> **TO DO**
Each line below needs to be returned exactly. Skip any picture.

::::::

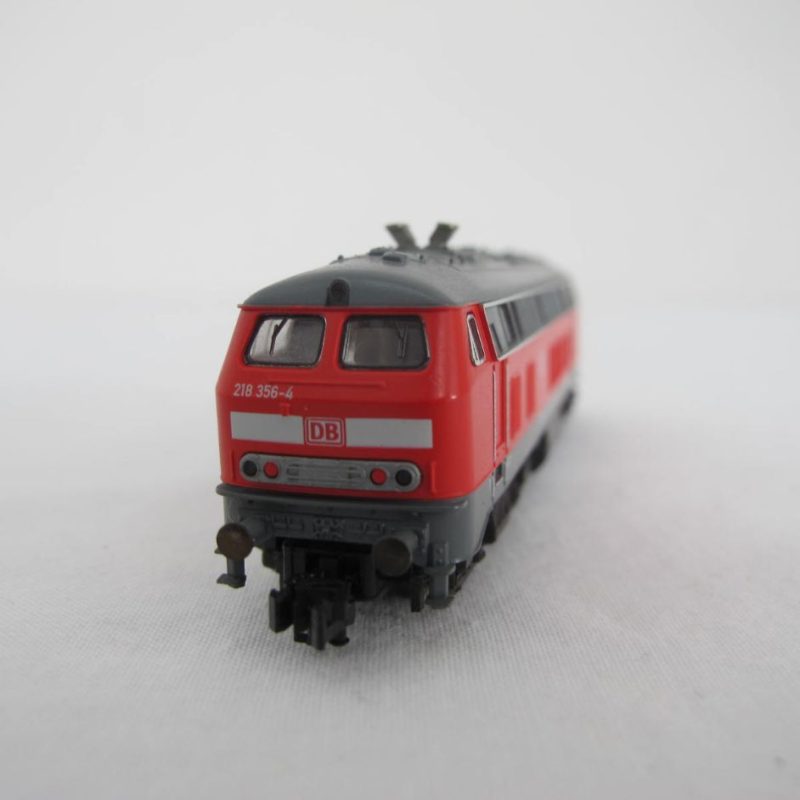 BR 218 diesel locomotive, axle arrangement B`B`, red/light grey contrasting stripes on the fronts - Image 9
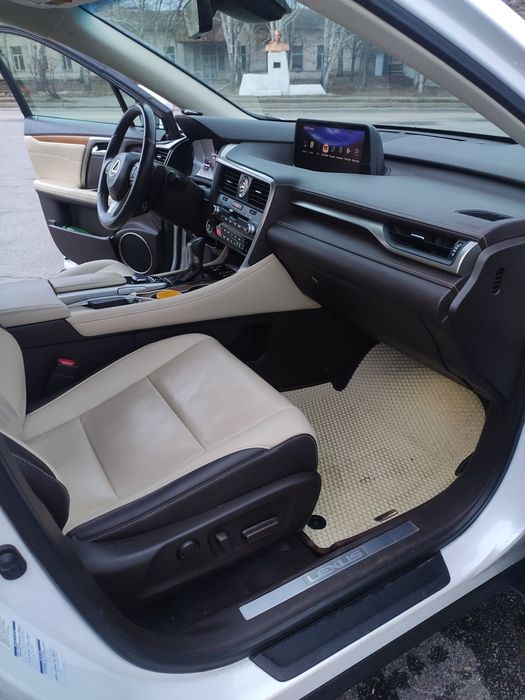 Lexus RX 450h, 2019
Білий металік | Світлий шкіряний салон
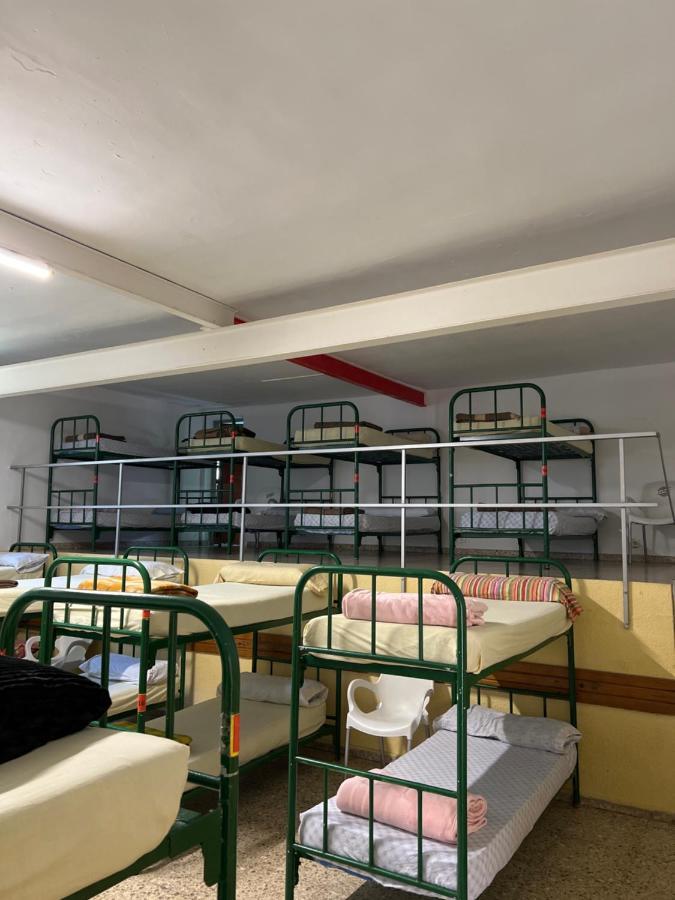 Хостел Albergue Municipal Сан-Мартин-дель-Камино Экстерьер фото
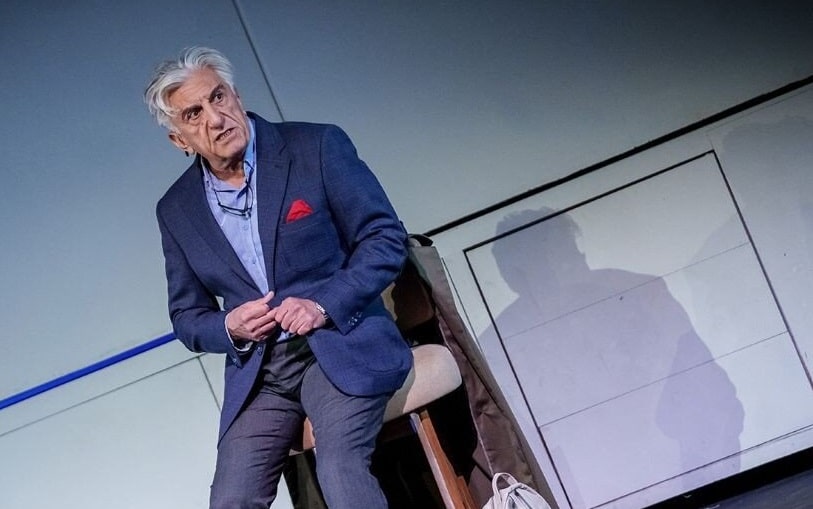 چرا بیشتر نمایش‌های روی صحنه فروش خوبی ندارند؟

::::::

> **WRITTEN ANSWER**
 BR 218 diesel locomotive, axle arrangement B`B`, red/light grey contrasting stripes on the fronts - Image 9
 Lexus RX 450h, 2019
Білий металік | Світлий шкіряний салон
 Хостел Albergue Municipal Сан-Мартин-дель-Камино Экстерьер фото
 چرا بیشتر نمایش‌های روی صحنه فروش خوبی ندارند؟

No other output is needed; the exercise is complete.